◆ Your instructions ◆
Give back the data exactly, with no images.

◆ Dataset excerpt ◆

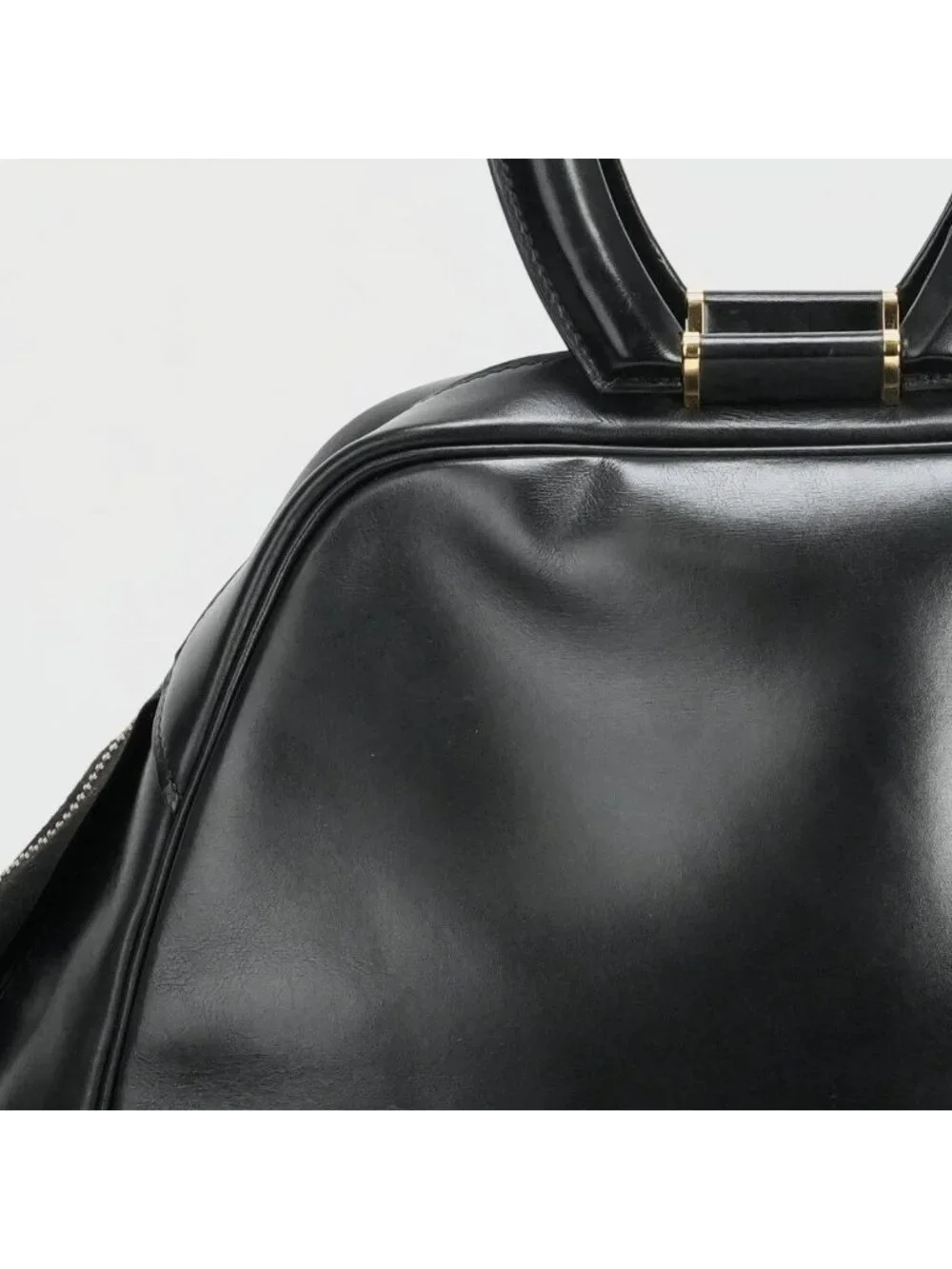 Hermes Tote Box Calf Noir Black Gold Handbag Vintage Antique Out of Print Rare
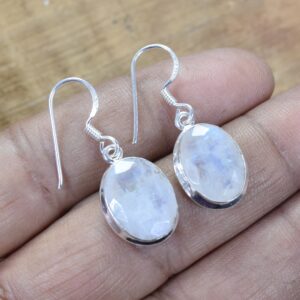 Rainbow Moonstone Sterling Silver Hook Earrings: June Birthstone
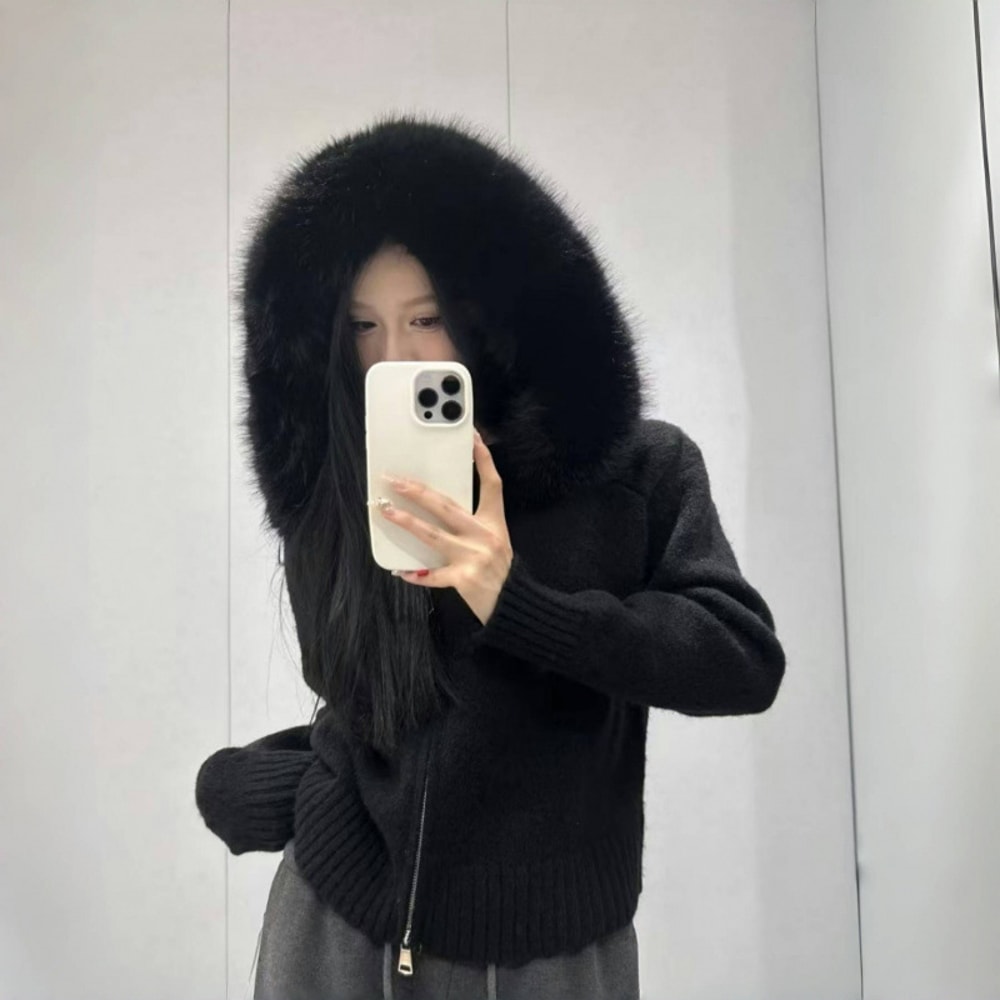 Women Fur Collar Autumn Sweater Coat Loose Fit Zipper Pullover 6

◆ Final answer ◆
 Hermes Tote Box Calf Noir Black Gold Handbag Vintage Antique Out of Print Rare
 Rainbow Moonstone Sterling Silver Hook Earrings: June Birthstone
 Women Fur Collar Autumn Sweater Coat Loose Fit Zipper Pullover 6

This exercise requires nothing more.